AIM: To evaluate the histopathological findings of type C liver disease to determine risk factors for development of hepatocellular carcinoma (HCC).

METHODS: We studied 232 patients, who underwent liver biopsy for type C chronic liver disease between 1992 and 2009, with sustained virological response (SVR) after interferon therapy. The patients were divided into two groups according to the F stage 0 + 1 + 2 group (n = 182) and F3 + 4 group (n = 50). We prospectively observed and compared the incidence of HCC of the patients with SVR in the F0 + 1 + 2 and F3 + 4 groups. Then, the background factors and liver histopathological findings, including the degree of fibrosis, F stage, inflammation, necrosis, bile duct obstruction, fat deposition, and degree of irregular regeneration (IR) of hepatocytes, were correlated with the risk of developing HCC.

RESULTS: HCC developed in three of 182 (1.6%) patients in the F0 + 1 + 2 group, and four of 50 (8.0%) in the F3 + 4 group. The cumulative incidence of HCC in the former group was found to be significantly lower than in the F3 + 4 group (log rank test P = 0.0224). The presence of atypical hepatocytes among IR of hepatocytes in the F3 + 4 group resulted in a higher cumulative incidence of HCC, and was significantly correlated with risk of HCC development (RR = 20.748, 95%CI: 1.335-322.5, P = 0.0303).

CONCLUSION: Atypical hepatocytes among the histopathological findings of type C liver disease may be an important risk factor for HCC development along with progression of liver fibrosis.

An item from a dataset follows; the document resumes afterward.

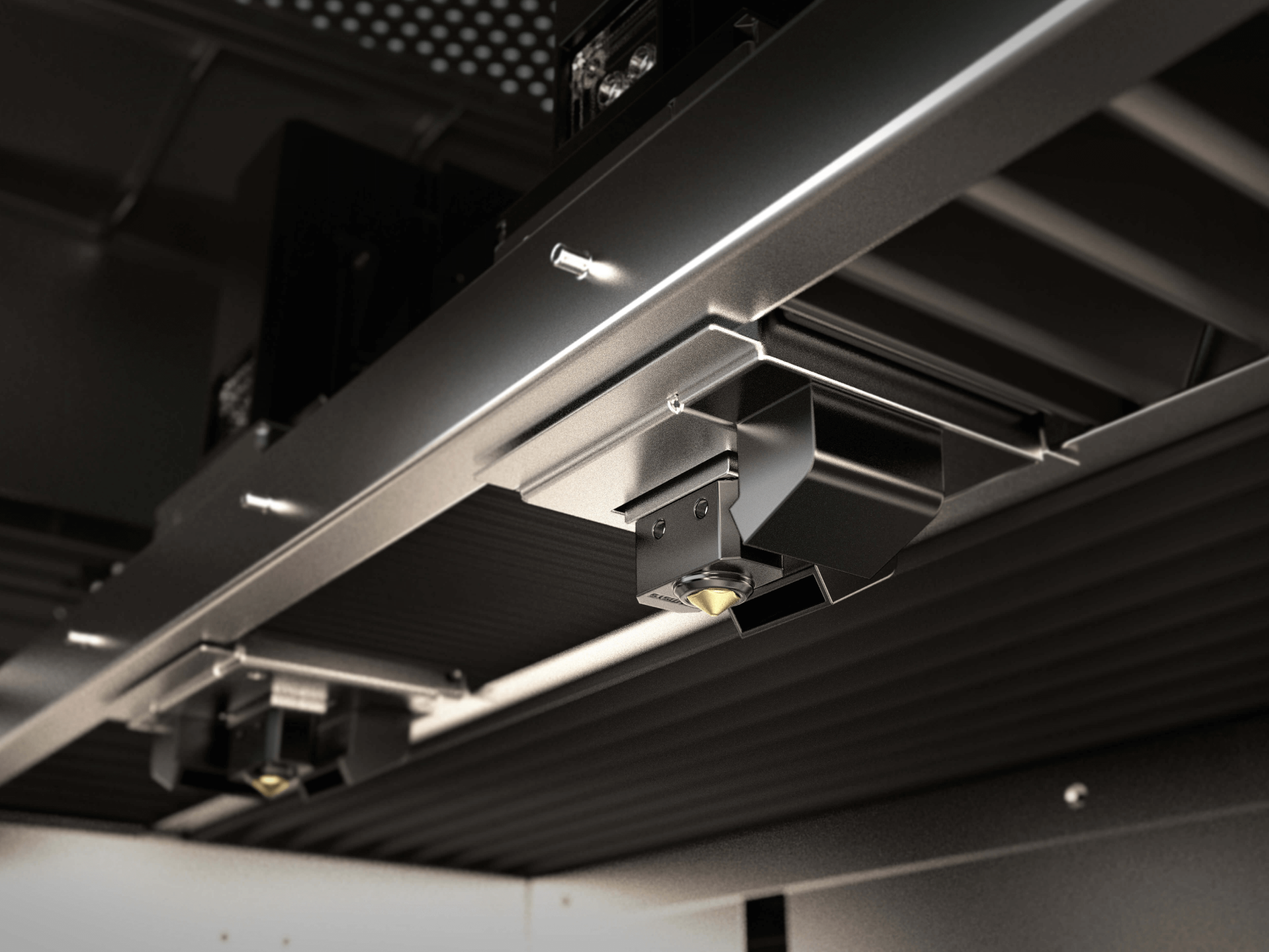 双喷头全自动校准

Keywords: Hepatocellular carcinoma; Irregular regeneration of hepatocytes; Liver fibrosis; Type C chronic liver disease; Histopathology of liver biopsy

Core tip: To evaluate the histopathological findings of type C liver disease to determine risk factors for the development of hepatocellular carcinoma (HCC), we studied 232 patients, who underwent liver biopsy, with sustained virological response after interferon therapy. We investigated in detail the histopathological findings, and analyzed the findings to determine the risk factors. Consequently, atypical hepatocytes among irregular regeneration of hepatocytes may be an important risk factor for HCC development, along with progression of liver fibrosis. Clarification of atypical hepatocytes as a risk factor of carcinogenesis may aid in the early diagnosis of HCC.